== Input records
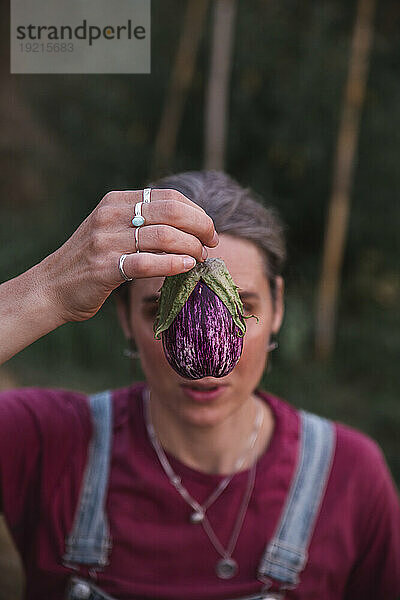 Frau hält Aubergine vor Gesicht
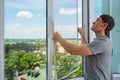 A contractor worker installing mosquito wire screen on house plastic windows to protect from insects.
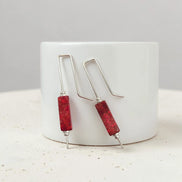 Red cylindrical earrings with silver hooks on a white surface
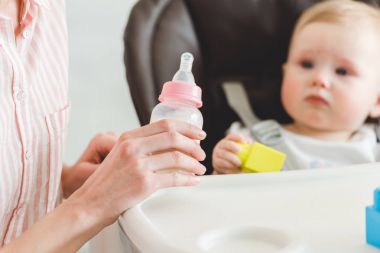 Besleme şişe ve plastik bloklarla bebek sandalyede oturan bebek kızı tutan anne görünümünü kırpılmış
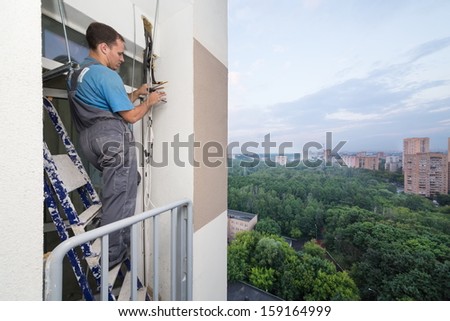 A worker sets tubes for split system air conditioner outdoor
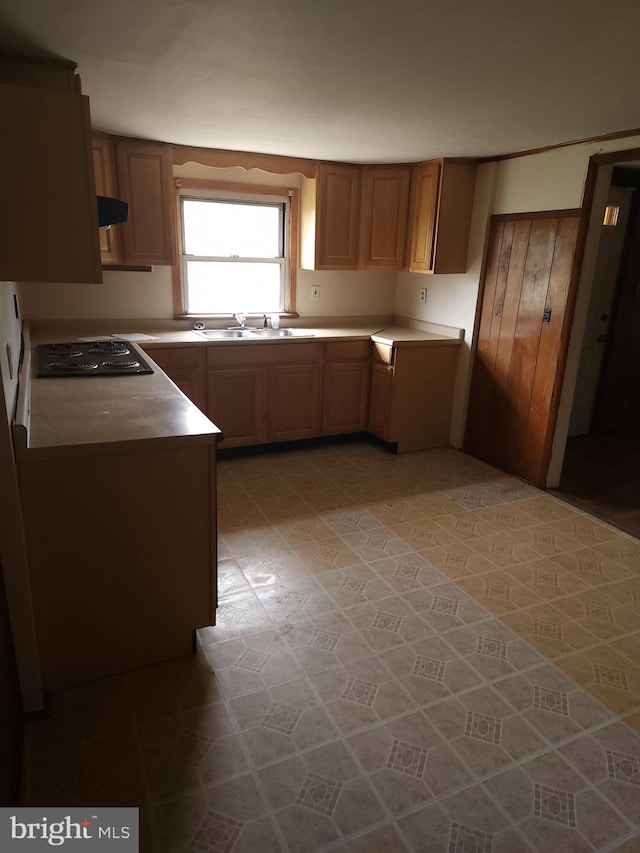 kitchen featuring sink, black gas cooktop, tile floors, and ventilation hood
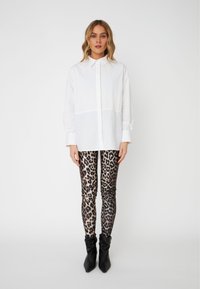 Hvit skjorte med vertikale folder, kombinert med tettsittende svarte og beige leopardmønstrede leggings og svarte spisse ankelstøvler.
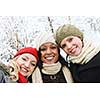 Group of three diverse young girl friends outdoors in winter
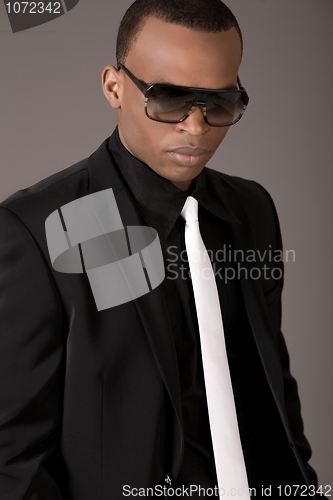 Image of Serious black business man with sunglasses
====
Restate word for word the lines from the line with "Group of three" to the last line of the records above, inclusive, and omit every picture.

Written solution —
 Group of three diverse young girl friends outdoors in winter
 Image of Serious black business man with sunglasses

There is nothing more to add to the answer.